本記事では、公的基準が要求する標準化と引継ぎ設計による属人運用からの脱却方法を解説し、いかにしてID管理と内部統制を強化するのかを明らかにします。
なぜ「属人運用」=「リスク」とみなされるのか?
ID管理が特定の担当者に依存している状態は、単に業務効率が悪いというだけではありません。
担当者ごとの判断基準が異なると、新しい社員への権限付与の基準が曖昧になり、「このアカウント権限は、なぜ付与されたのか?」という監査の問いに、組織として一貫性を持って答えられず、「統制不備」とみなされる可能性があります。
金融庁の『財務報告に係る内部統制の評価及び監査の基準』
金融庁の『財務報告に係る内部統制の評価及び監査の基準』(2023年改訂)では、内部統制を次のように定義しています。
「内部統制とは、業務に組み込まれ、組織内の全ての者によって遂行されるプロセスをいう。
経営者は、内部統制の基本的要素が組み込まれたプロセスを整備し、そのプロセスを適切に運用していく必要がある。」
この定義が示すとおり、内部統制は「特定の個人」ではなく「組織全体によって継続的に遂行される仕組み」であることが前提です。
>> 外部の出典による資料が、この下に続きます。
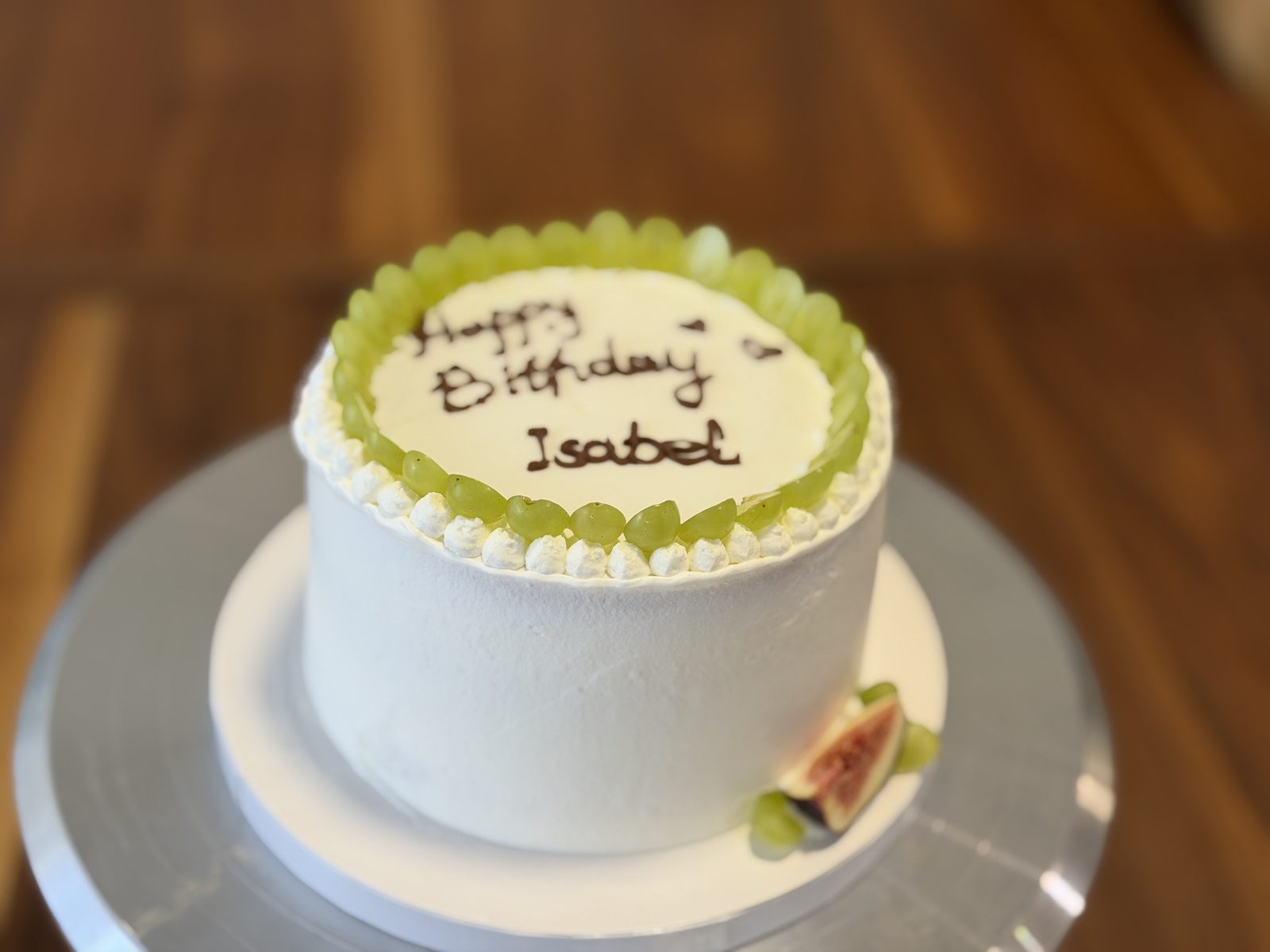 Birthday cake ringed with green grapes and hand-written chocolate lettering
したがって、運用が担当者の属人的判断に依存している状態は、この原則に反し、統制の持続性を損なうリスクとして監査指摘の対象になり得ます。
属人運用のリスク
- 業務停止リスク:担当者の不在時にアカウント付与・削除ができない
- 監査指摘リスク:「業務が個人に依存している」と見なされる
- 経営リスク:情報漏洩や不正発生時に経営責任が問われる
属人依存を排除するには、「自動化+標準化」が鍵
属人運用を防ぐ第一歩は、業務手順の標準化です。
アカウント申請から承認、権限付与・削除までのフローを明文化し、誰でも同じ手順で対応できるようにします。
経済産業省『システム監査基準』(令和5年改訂版)
経済産業省が公表した『システム監査基準』(令和5年改訂版)では、次のように示されています。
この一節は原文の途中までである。